The Financial Inclusion and Markets Centre (FIMC) has published its submission to the Financial Conduct Authority (FCA)/The Pensions Regulator (TPR) recent consultation on a new Value for Money Framework (VFM) for workplace pensions. The submission can be found here: FIMC FCA TPR VFM 0326
As we said in our response to the previous consultation CP24/16, we are supportive of the basic idea of VFM assessments of pension scheme charges and service quality. FCA/TPR have clearly put much thought into developing a workable VFM framework.
But we are very concerned about the degree of emphasis placed by the FCA/TPR on investment performance, particularly past performance, in the proposed VFM framework. Good past investment performance does not predict good future investment performance.
Disconcertingly, FCA/TPR intend to basically allow pension firms to select their own assumptions to project future investment performance. There is no logic to allowing firms to select their own assumptions. The risk of firms trying to game the system is all too obvious. Moreover, worryingly FCA/TPR will not require firms and trustees to publish the assumptions used to project investment returns or to publish the advice received from external advisers so that independent observers can see whether external advice has been ignored.

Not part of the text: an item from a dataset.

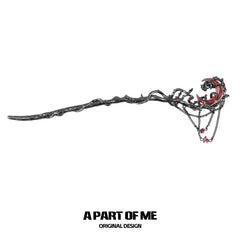 MYTH OF THE MOON 18K Platinum Plating Shells Bloody Moon Hairpins Hair Pins™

The VFM framework with its emphasis on investment performance will just allow investment managers, consultants, advisers, and other intermediaries to divert attention from the importance of costs and charges and actively promote and sell high cost, complex investment strategies which actually offer little added value but introduce greater risk. It risks causing more pension assets to be invested in high cost, complex, opaque, poorly regulated and governed ‘alternative’ investment assets and vehicles ssuch as private equity with questionable past performance track records and future prospects.
Giving past investment performance such a key role in a VFM assessment, and allowing firms and scheme arrangements to use their own assumptions about future performance, could give a false and misleading measure of VFM and undermine the integrity and usefulness of any rating system intended for comparison. Overall, we think the proposed framework risks misleading pension savers and distorting the market. It is likely to result in poorer quality and value outcomes for ordinary pension savers and investors, and less efficient allocation of resources by financial markets.